Most people shudder at the thought of travelling anywhere over the winter holidays. If you stay close to Scotland it’s going to be cold and wintery, and why would you want to tour or be outside in the cold? If you head to warmer countries, then coming back is going to be a huge shock to the system. Yes, people do go skiing during the winter holidays but at least you are prepared for snow and cold weather, whereas touring around a new city isn’t quite as energetic and therefore considered much colder and much less desirable.

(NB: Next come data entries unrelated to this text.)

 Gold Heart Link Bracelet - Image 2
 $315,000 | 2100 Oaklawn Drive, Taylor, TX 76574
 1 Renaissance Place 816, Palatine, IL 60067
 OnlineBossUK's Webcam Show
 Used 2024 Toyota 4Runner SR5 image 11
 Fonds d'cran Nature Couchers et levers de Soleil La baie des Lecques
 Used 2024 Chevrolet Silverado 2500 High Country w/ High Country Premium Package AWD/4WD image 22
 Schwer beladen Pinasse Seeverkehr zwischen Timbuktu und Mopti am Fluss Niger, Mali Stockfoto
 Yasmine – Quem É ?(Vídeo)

I disagree. Travelling in winter just requires a little preparation in terms of keeping warm. Just because it is winter it doesn’t mean you have to visit a country that has a lot of rain; crisp winter days are perfect for wandering around, wrapped up and cosy. This could be through thermals, extra layers or the use of a flask. Last Christmas I brought a flask and some tea while I was travelling just to save costs on buying coffee when I got cold and it was wonderful. Plus some countries have great street food that can keep you warm – I still dream of wandering round at 0 degrees eating steamed sweet potatoes.


Also if you miss the Christmas period then flights are generally cheaper than in summer months which are a bonus if you want to travel somewhere far away.  Plus tourist sites are generally less busy as it is off season (and may be cheaper). If they are busy think how much worse it would be in the height of summer. I visited Beijing’s summer palace in winter, complete with iced over ponds and at -2 degrees and that was busy enough. Besides cold, crisp days are beautiful for photos and you won’t the millions of tourists swarming around you and getting in the way.


Moreover, if you are a museum person then hopping between museums isn’t too cold, they have heating and you can spend as long as you wish in them before moving on, prolonging exposure to the warm inside. Then, especially in bigger cities, you can usually head straight onto the underground or a bus instead of walking for miles in the cold. The only downside is being so wrapped up for the outside requires the removal of multiple layers once you get inside, so that you do not overheat.


If you are a sporty person try skiing or snowboarding. This seems to be the only well accepted winter holiday, where people don’t mind the cold but this mainly because wrapped up in ski jackets, thermals and the constant exercise keep you warm. Plus snow still holds a little magic and is fun to be in. Whilst snow is not best for generally touring around a city, going specifically for snow sports is enjoyable and an experience everyone should try. You don’t even have to be particularly sporty to give it ago.


People tend to think of wintery weather as something to be avoided while travelling, but in actuality it still provides good memories, and places have a different kind of beauty to the summer months. Plus there is very little you will be unable to do. Yes, some sites are not open in winter months (so be sure to check those before you head out) but on the whole, most sites will be and avoiding the cold is generally as easy as it would be in your own country. Ducking into shops or cafes is also good for warming up, as well as spending time in indoor tourist sites such as museums. You might not be able to go hiking, or want to spend a long time in big outdoor spaces but that doesn’t mean there is nothing to do. Besides, if you wrap up warm enough you will still be able to do it.


So, plan travels for the winter break, give yourself something to look forward to at the end of the semester and enjoy seeing a new, wintery, side to whether you’re headed. Alternately head somewhere warm and escape winter altogether!